### Assigned task:
Report how many lines in the data below hold "Hotel", with no other words.

### Data in this exercise:
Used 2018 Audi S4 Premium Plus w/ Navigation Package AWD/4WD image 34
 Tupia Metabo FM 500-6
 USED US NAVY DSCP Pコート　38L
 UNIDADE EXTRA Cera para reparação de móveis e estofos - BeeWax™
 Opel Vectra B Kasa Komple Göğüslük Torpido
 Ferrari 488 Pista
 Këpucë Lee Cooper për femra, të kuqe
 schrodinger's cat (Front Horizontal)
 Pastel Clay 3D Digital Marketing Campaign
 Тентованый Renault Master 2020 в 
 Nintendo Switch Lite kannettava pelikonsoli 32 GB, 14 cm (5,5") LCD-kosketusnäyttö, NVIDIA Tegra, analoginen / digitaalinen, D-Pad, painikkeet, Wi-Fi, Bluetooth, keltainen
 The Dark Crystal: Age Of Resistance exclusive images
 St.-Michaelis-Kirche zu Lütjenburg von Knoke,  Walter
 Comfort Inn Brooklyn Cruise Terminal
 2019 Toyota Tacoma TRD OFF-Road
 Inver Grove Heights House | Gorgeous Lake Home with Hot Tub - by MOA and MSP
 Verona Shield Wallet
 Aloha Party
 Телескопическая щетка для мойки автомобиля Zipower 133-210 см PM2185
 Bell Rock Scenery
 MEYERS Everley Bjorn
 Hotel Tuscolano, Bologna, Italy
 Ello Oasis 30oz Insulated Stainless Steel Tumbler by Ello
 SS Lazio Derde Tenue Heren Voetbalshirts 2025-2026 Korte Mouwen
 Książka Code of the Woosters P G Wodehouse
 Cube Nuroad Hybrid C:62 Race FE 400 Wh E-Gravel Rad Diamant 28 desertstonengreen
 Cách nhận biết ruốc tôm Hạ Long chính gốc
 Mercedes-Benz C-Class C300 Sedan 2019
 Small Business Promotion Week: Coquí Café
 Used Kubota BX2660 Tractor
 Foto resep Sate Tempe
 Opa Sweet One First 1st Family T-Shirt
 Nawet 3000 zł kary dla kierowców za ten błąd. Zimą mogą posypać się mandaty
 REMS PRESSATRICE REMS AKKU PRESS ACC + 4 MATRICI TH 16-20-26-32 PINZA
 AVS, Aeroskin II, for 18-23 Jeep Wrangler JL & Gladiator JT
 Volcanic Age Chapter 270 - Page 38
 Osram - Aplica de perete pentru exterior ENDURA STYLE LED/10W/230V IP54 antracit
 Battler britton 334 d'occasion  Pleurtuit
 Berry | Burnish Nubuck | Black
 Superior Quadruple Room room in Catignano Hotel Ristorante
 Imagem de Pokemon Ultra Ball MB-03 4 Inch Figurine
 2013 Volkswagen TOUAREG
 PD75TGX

### Response below:
2